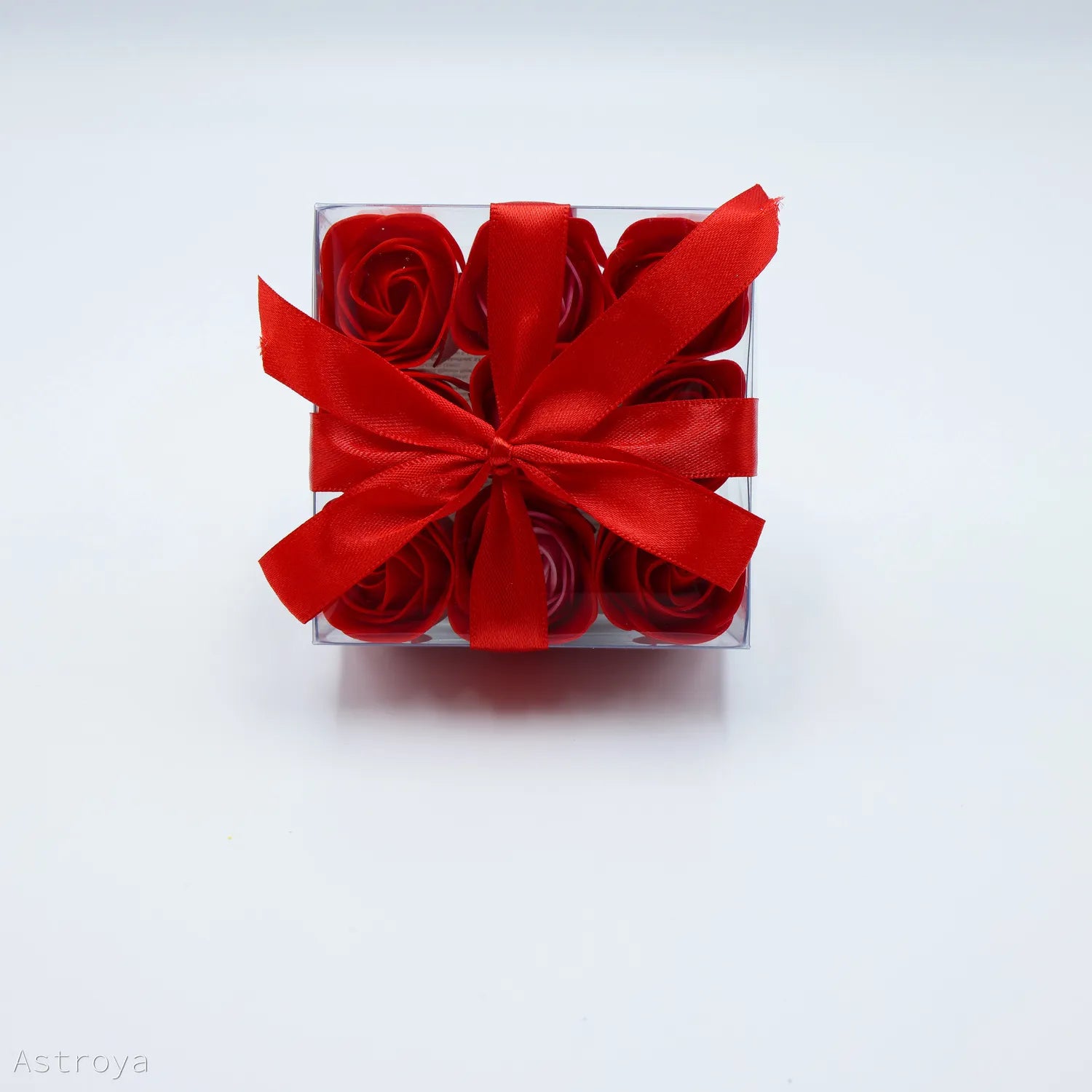 Boite de 9 fleurs de savon, des roses rouges.
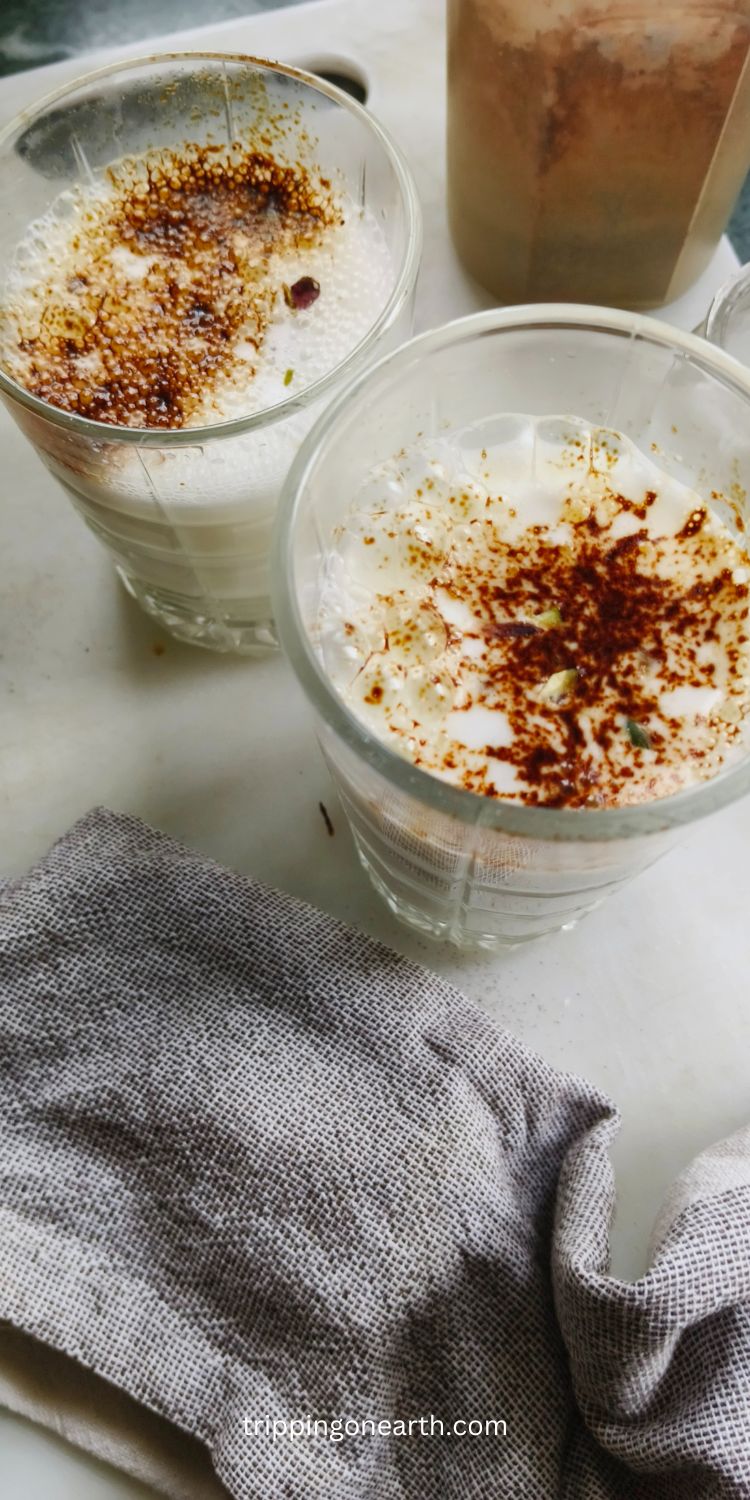 Banana smoothie without yogurt in two glasses
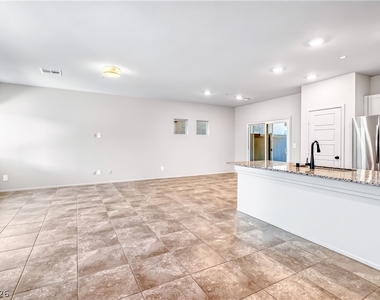 7476 Onyx Star Street - Photo Thumbnail 4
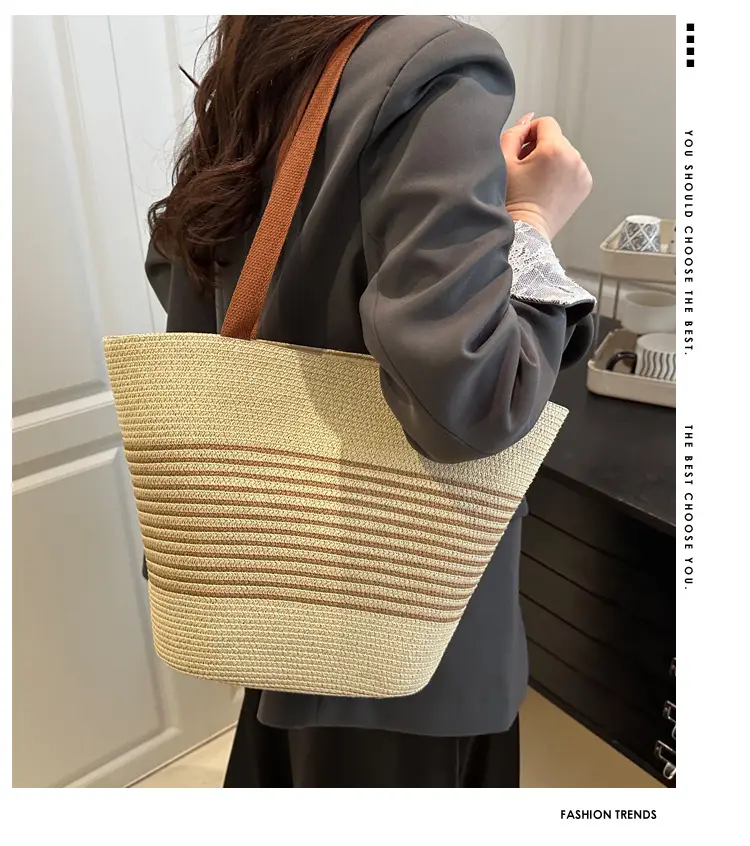 Striped Straw Bag Large Capacity Casual Beach Shoulder Bag — feature 1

....................

Retype all the data exactly. Omit pictures.

 Boite de 9 fleurs de savon, des roses rouges.
 Banana smoothie without yogurt in two glasses
 7476 Onyx Star Street - Photo Thumbnail 4
 Striped Straw Bag Large Capacity Casual Beach Shoulder Bag — feature 1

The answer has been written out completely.